● Exercise brief
Give the entries below again exactly. Their pictures are not needed.

[Listed records — start]

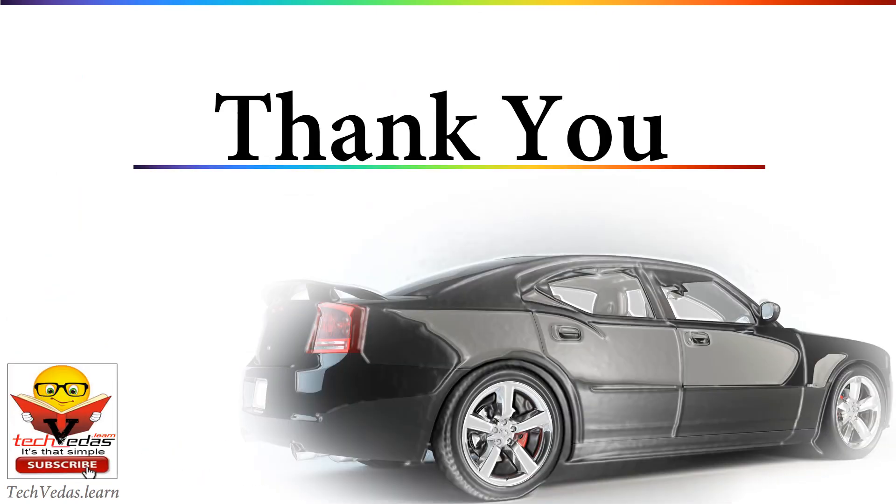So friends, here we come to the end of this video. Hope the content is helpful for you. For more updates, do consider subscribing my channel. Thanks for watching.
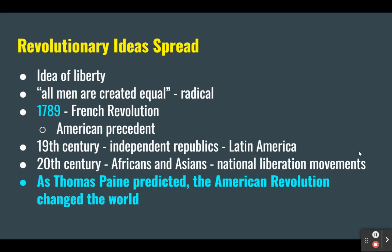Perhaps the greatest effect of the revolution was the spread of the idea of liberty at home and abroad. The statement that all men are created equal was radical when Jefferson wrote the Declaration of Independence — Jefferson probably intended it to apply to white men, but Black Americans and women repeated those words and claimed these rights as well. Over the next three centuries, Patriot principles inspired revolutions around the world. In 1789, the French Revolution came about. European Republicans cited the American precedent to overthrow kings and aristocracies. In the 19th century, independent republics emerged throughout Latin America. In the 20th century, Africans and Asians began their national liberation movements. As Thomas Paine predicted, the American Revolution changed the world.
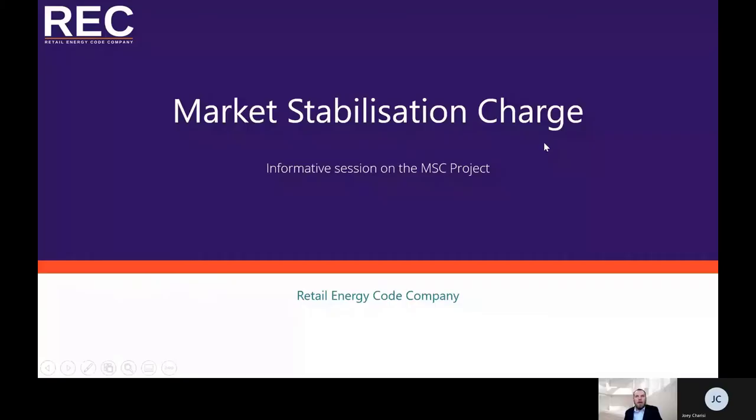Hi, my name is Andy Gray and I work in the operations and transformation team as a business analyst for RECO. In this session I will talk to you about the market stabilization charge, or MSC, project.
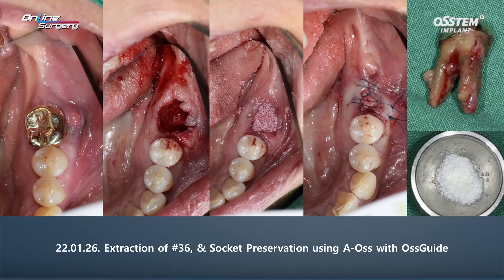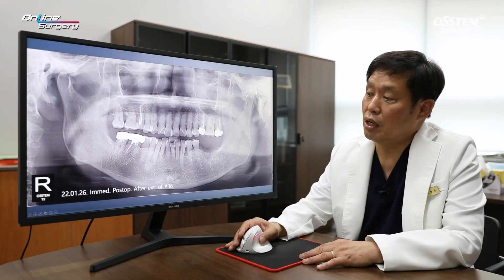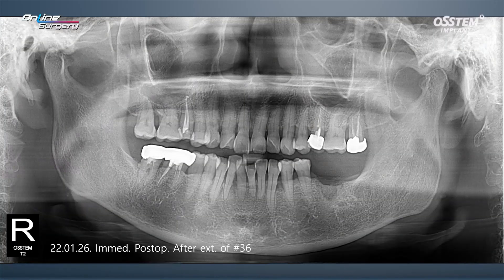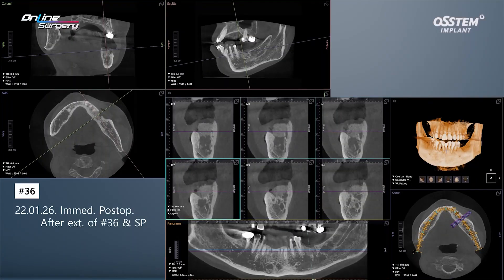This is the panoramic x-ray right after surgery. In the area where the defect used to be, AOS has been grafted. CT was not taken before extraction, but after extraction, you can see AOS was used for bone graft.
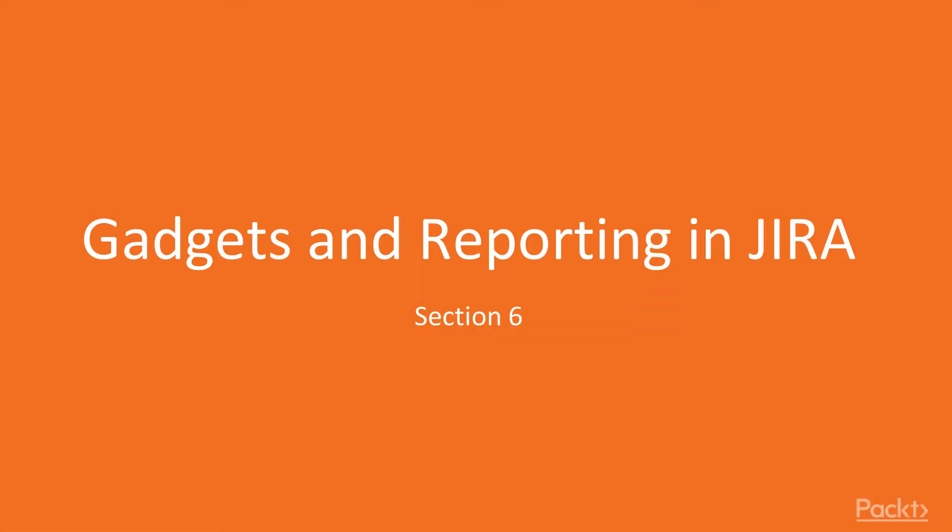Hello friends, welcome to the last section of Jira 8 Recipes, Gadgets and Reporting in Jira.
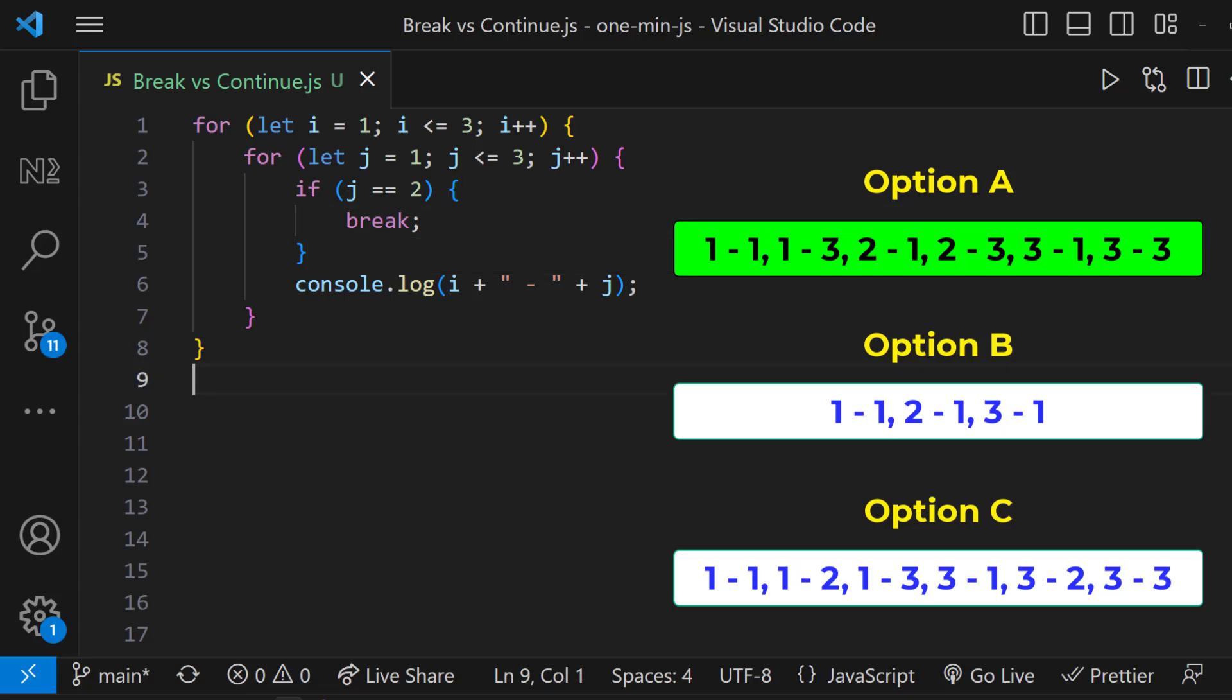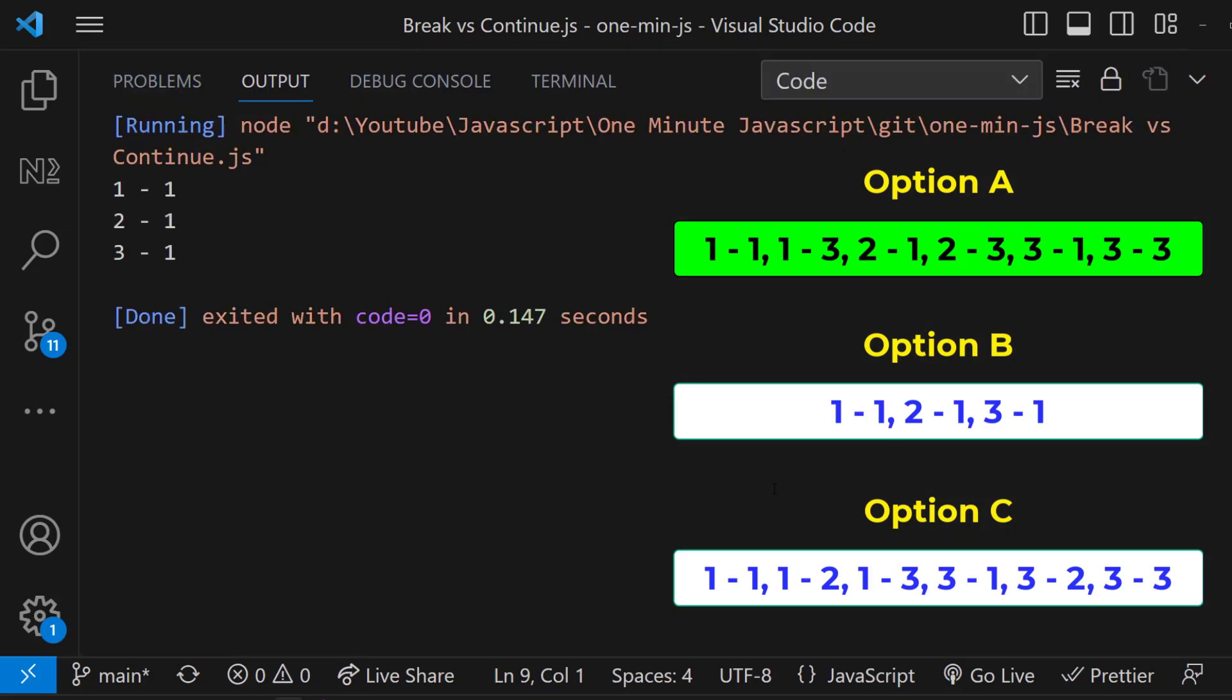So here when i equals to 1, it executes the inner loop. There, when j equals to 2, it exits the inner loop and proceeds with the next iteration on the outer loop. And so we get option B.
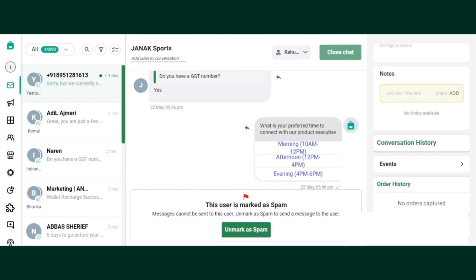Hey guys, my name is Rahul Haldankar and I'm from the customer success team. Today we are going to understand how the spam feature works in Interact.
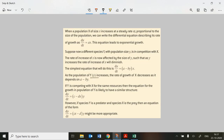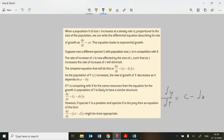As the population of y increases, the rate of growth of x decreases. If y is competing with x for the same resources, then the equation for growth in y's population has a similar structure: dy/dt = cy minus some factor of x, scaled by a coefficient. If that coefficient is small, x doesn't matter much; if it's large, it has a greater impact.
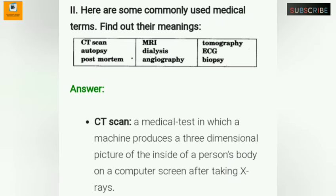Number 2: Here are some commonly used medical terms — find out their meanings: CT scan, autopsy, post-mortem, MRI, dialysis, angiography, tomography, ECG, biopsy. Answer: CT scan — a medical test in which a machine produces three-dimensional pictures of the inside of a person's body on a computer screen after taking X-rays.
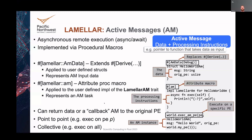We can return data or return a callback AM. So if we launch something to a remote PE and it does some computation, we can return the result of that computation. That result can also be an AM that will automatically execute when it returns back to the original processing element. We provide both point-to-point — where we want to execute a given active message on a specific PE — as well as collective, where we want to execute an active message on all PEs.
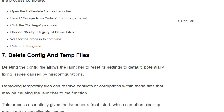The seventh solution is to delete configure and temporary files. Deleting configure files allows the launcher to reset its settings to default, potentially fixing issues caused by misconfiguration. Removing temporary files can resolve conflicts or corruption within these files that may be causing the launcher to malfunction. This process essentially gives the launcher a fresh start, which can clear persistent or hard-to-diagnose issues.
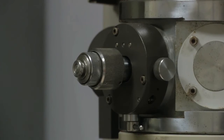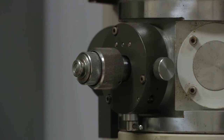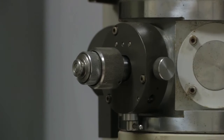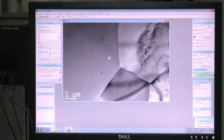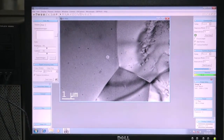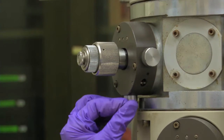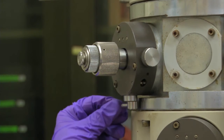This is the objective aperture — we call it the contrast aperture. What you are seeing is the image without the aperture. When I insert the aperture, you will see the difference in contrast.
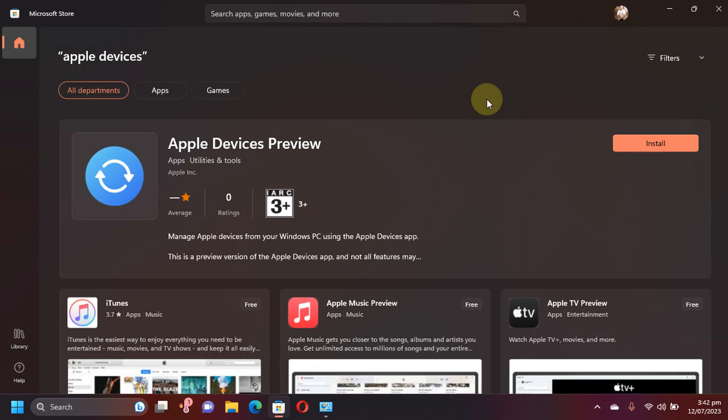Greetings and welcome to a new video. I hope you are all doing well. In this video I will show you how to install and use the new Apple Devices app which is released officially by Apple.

[Listed records — finish]

● Problem solution
So friends, here we come to the end of this video. Hope the content is helpful for you. For more updates, do consider subscribing my channel. Thanks for watching.
Perhaps the greatest effect of the revolution was the spread of the idea of liberty at home and abroad. The statement that all men are created equal was radical when Jefferson wrote the Declaration of Independence — Jefferson probably intended it to apply to white men, but Black Americans and women repeated those words and claimed these rights as well. Over the next three centuries, Patriot principles inspired revolutions around the world. In 1789, the French Revolution came about. European Republicans cited the American precedent to overthrow kings and aristocracies. In the 19th century, independent republics emerged throughout Latin America. In the 20th century, Africans and Asians began their national liberation movements. As Thomas Paine predicted, the American Revolution changed the world.
Hi, my name is Andy Gray and I work in the operations and transformation team as a business analyst for RECO. In this session I will talk to you about the market stabilization charge, or MSC, project.
This is the panoramic x-ray right after surgery. In the area where the defect used to be, AOS has been grafted. CT was not taken before extraction, but after extraction, you can see AOS was used for bone graft.
Hello friends, welcome to the last section of Jira 8 Recipes, Gadgets and Reporting in Jira.
So here when i equals to 1, it executes the inner loop. There, when j equals to 2, it exits the inner loop and proceeds with the next iteration on the outer loop. And so we get option B.
Hey guys, my name is Rahul Haldankar and I'm from the customer success team. Today we are going to understand how the spam feature works in Interact.
As the population of y increases, the rate of growth of x decreases. If y is competing with x for the same resources, then the equation for growth in y's population has a similar structure: dy/dt = cy minus some factor of x, scaled by a coefficient. If that coefficient is small, x doesn't matter much; if it's large, it has a greater impact.
Number 2: Here are some commonly used medical terms — find out their meanings: CT scan, autopsy, post-mortem, MRI, dialysis, angiography, tomography, ECG, biopsy. Answer: CT scan — a medical test in which a machine produces three-dimensional pictures of the inside of a person's body on a computer screen after taking X-rays.
We can return data or return a callback AM. So if we launch something to a remote PE and it does some computation, we can return the result of that computation. That result can also be an AM that will automatically execute when it returns back to the original processing element. We provide both point-to-point — where we want to execute a given active message on a specific PE — as well as collective, where we want to execute an active message on all PEs.
The seventh solution is to delete configure and temporary files. Deleting configure files allows the launcher to reset its settings to default, potentially fixing issues caused by misconfiguration. Removing temporary files can resolve conflicts or corruption within these files that may be causing the launcher to malfunction. This process essentially gives the launcher a fresh start, which can clear persistent or hard-to-diagnose issues.
This is the objective aperture — we call it the contrast aperture. What you are seeing is the image without the aperture. When I insert the aperture, you will see the difference in contrast.
Greetings and welcome to a new video. I hope you are all doing well. In this video I will show you how to install and use the new Apple Devices app which is released officially by Apple.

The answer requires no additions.